Quick Dinner Recipes CLI App

Posted by Olesya Miller on February 14, 2020

I am very excited to present you my Quick Dinner Recipes CLI App! I decided to build a recipes app because I love cooking and think that an app like that would come in handy for a cooking aficionado.

The purpose of this app is to let user find a recipe that suits their time frame and diet.

I scraped simplyrecipes.com website for my project because it has all the necessary data for creating class instance attributes and filtering the results by those attributes. My app has a return-to-the-main-menu feature that lets the user keep interacting with the app by typing ‘start over’ until they exit the program by typing ‘exit’. My project goes three levels deep.

In my Scraper .scrape_page I make one Nokogiri request to scrape the data

doc = Nokogiri::HTML(open("https://www.simplyrecipes.com/recipes/type/quick/dinner/"))

I then access the css for each recipe and assign it to a variable

details = doc.css("div.grd-tile-detail")

I iterate over the return value of that variable to create a hash for every recipe and I push those hashes into an empty array.

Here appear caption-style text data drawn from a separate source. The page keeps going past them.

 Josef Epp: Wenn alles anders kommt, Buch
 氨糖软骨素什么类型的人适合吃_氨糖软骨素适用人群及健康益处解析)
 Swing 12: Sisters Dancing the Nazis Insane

Since not every recipe has a diet type listed, I check if a recipe has a food_type attribute before adding a food_type key-value pair to each recipe hash.

I pass the array of hashes returned by the Scraper .scrape_page as an argument to my Recipe .create_from_collection to create an instance for every recipe by mass-assigning key-value pairs to each recipe using meta-programming in my Recipe #initialize.

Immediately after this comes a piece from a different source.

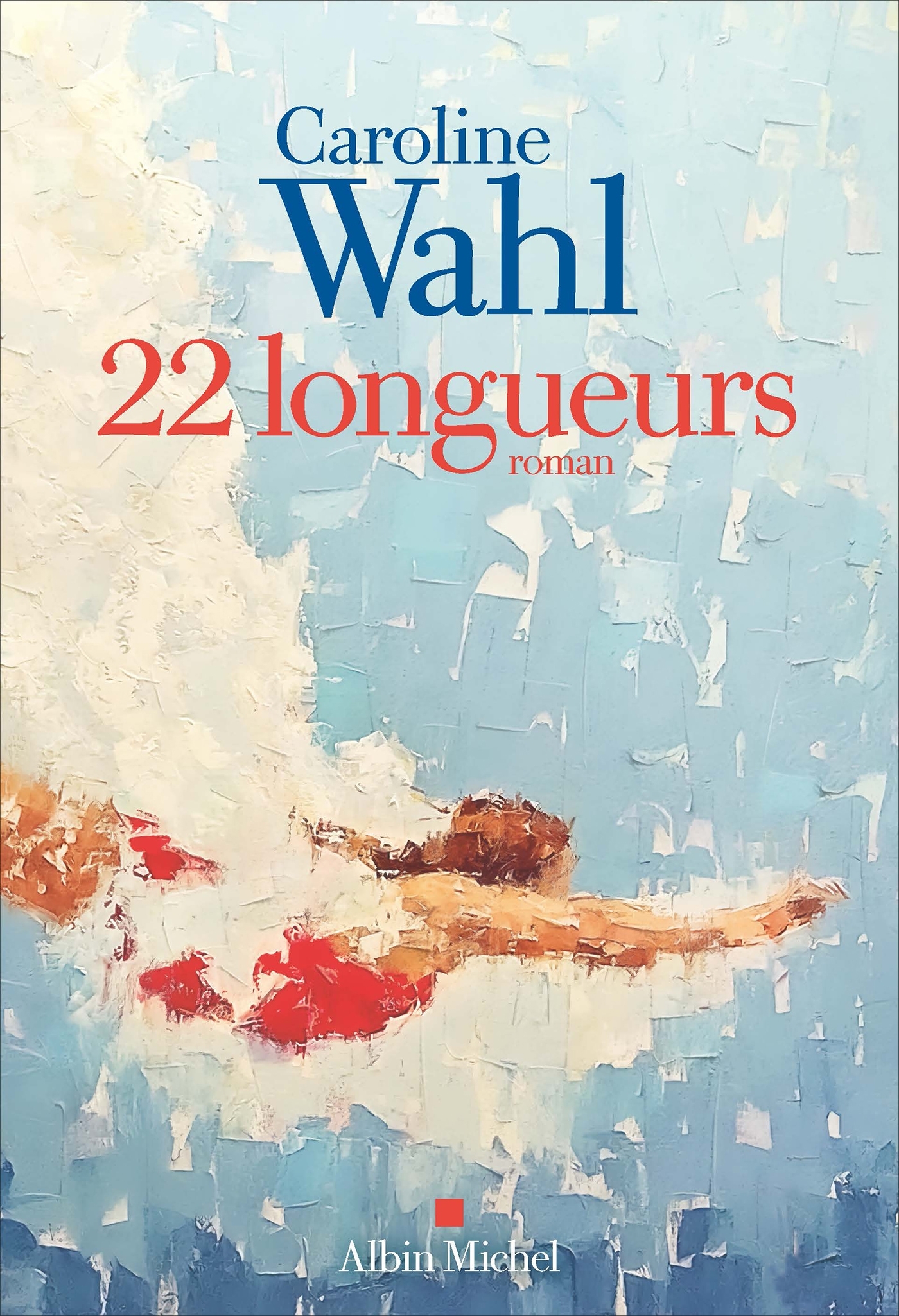 22 longueurs - Caroline Wahl, Dominique Autrand - ALBIN MICHEL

def initialize(recipe_hash)
        recipe_hash.each do |key, value|
            self.send "#{key}=", value 
        end
        @@all << self
    end

    def self.create_from_collection(recipes_array)
        recipes_array.each do |recipe|
            self.new(recipe)
        end
    end

Upon launching the app the user is greeted with a message with options to display all recipes, to browse recipes by diet or to browse recipes by prep time.

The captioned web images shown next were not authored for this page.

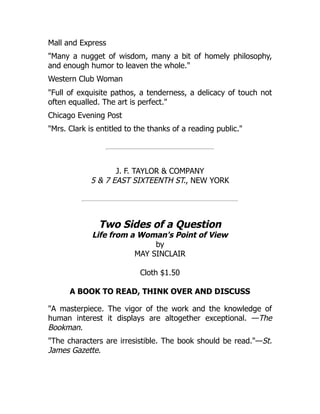 Mall and Express
"Many a nugget of wisdom, many a bit of homely philosophy,
and enough humor to leaven the whole."
Western Club Woman
"Full of exquisite pathos, a tenderness, a delicacy of touch not
often equalled. The art is perfect."
Chicago Evening Post
"Mrs. Clark is entitled to the thanks of a reading public."
J. F. TAYLOR & COMPANY
5 & 7 EAST SIXTEENTH ST., NEW YORK
Two Sides of a Question
Life from a Woman's Point of View
by
MAY SINCLAIR
Cloth $1.50
A BOOK TO READ, THINK OVER AND DISCUSS
"A masterpiece. The vigor of the work and the knowledge of
human interest it displays are altogether exceptional. —The
Bookman.
"The characters are irresistible. The book should be read."—St.
James Gazette.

The ‘search by diet’ input triggers #list_recipes_by_diet where the user is prompted to enter a name of a diet from the list. In order to display the matching recipes in a numbered list, I first iterate over Recipe.all to select recipes whose food_type attribute includes the entered diet name, save the returned array in @selected_recipes (the reason that variable is a class variable is because I use it in another method to display recipes by number) and only afterwards I use each.with_index( ) to iterate over that array to print out each recipe’s title in a numbered list

selected_recipes = Recipe.all.select do |recipe|
       recipe.food_type != nil && recipe.food_type.downcase.include?(input.downcase)
end

selected_recipes.each.with_index(1) do |selected_recipe, index|
       puts "" 
       puts "#{index}. #{selected_recipe.title}"
end

The user is able to browse recipes by diet by entering different diet names until they find a recipe they like. Once a recipe number is entered the user is taken to the next level of the program where again they can look up recipes information by entering different recipes numbers from the last list displayed by the previous level.

Here is how I enable this functionality: In my #recipe_by_diet_info (which is triggered after the matching recipes are displayed), I give the user two options - to keep looking up recipes by number or keep browsing recipes by diet

puts "To keep browsing, enter a different diet name”
puts "To see recipe info, enter recipe number"

That means that my #recipe_by_diet_info has two conditions - one that checks if the input is a diet name and the other that checks if the input is a number within a range of the matching recipes

if (1..@selected_recipes.length).include?(input.to_i)
      . . . . . . . . . .
elsif input.downcase == "healthy" || input.downcase == "gluten-free" || input.downcase == "low carb" || input.downcase == "paleo" || input.downcase == “vegetarian"
      . . . . . . . . .. . . 

If the user enters another diet name they are shown a list of matching recipes again (the same functionality can also be executed by using a while loop). The user stays on that level of the program until they enter a number of a recipe they want to look up. Once the user enters a recipe number they are shown the recipes detailed info and right away are taken to the last level of the program by #last_level_method_for_diet. This method gives the user only one browsing option

puts "To look up another recipe, enter recipe number"

On this last level of the app the user can look up any recipe from the last list of recipes displayed without relaunching the app until they enter ‘start over’ or ‘exit’.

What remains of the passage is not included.